I think one reason why a ParamArray parameter on a public member is problematic, especially on an interface, is that you cannot write a decorator for such class. Thus, the natural way to emulate implementation inheritance on in VBA is barred, unless there is a method that takes an explicit array and mirrors the method with the ParamArray.

I know it's only tangential to the problem discussed... but I had very much the same issue one time and came up with the following function:

' Return the actual parameters from nested ParamArrays
Private Function UnwrapParamArray(ParamArray arrayToUnwrap() As Variant) As Variant()
    Dim OutputArray() As Variant
    Dim IntermediateArray() As Variant
    If UBound(arrayToUnwrap) > 0 Then
        OutputArray = arrayToUnwrap
        Exit Function
    End If
    OutputArray = arrayToUnwrap(0)
    Do While (UBound(OutputArray) = 0) And (TypeName(OutputArray(0)) = "Variant()")
        IntermediateArray = OutputArray(0)
        OutputArray = IntermediateArray
        If UBound(OutputArray) = -1 Then Exit Do
    Loop
    UnwrapParamArray = OutputArray
End Function

(It's been a while and since I neglected commenting, I can't tell for sure that everything in there is actually needed. What I can say though, is that it works fine for me. I'm using it to flatten nested arrays in my logger classes.)
The function can be used everywhere you might encounter nested ParamArrays. (As it just returns the array unchanged if it's already flat.)

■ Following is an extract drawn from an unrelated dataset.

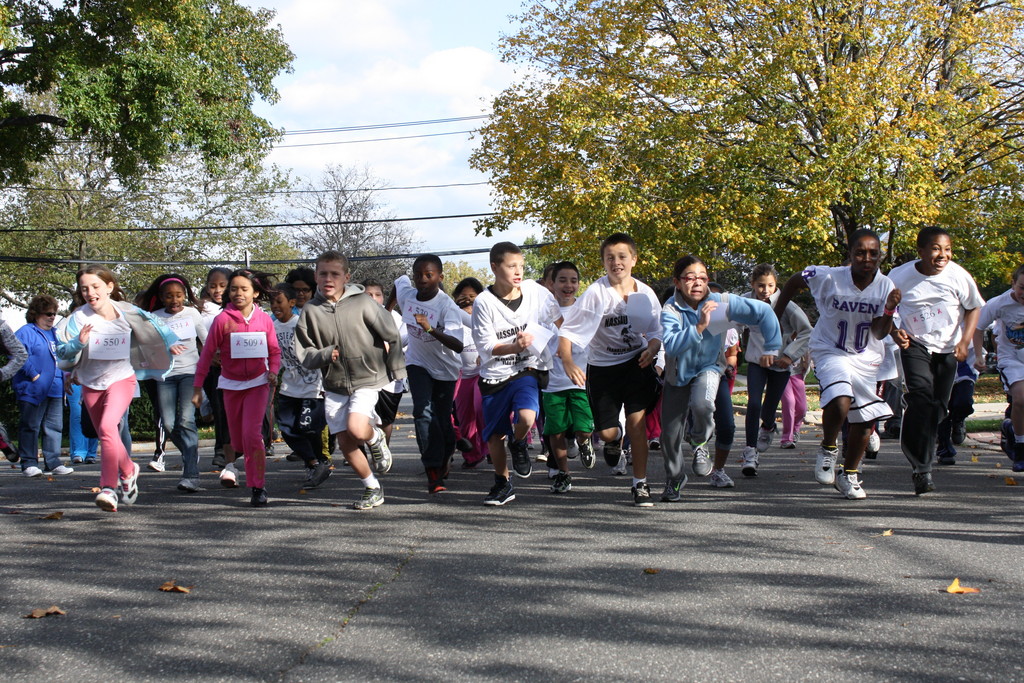 Stewart Manor 5th-graders, pictured here, along with school officials, raced in the “Prediction Marathon” last Friday. Fourth and 6th-graders also raced that day.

If that is the case, then the workaround would be to define the class procedure as taking a Variant rather than an ParamArray. If the class procedure is public/friend, then both the class procedure and the interface procedure should call an internal procedure that takes a Variant rather than ParamArray.

This is a much easier and cleaner approach. The minor difference is that instead of having a list of items in the parameter list, the list of items is enclosed in an Array() statement.

I can definitely see a change signature refactoring that, when changing a ParamArray to a Variant, changes the call sites from foo, bar, 42 to Array(foo, bar, 42).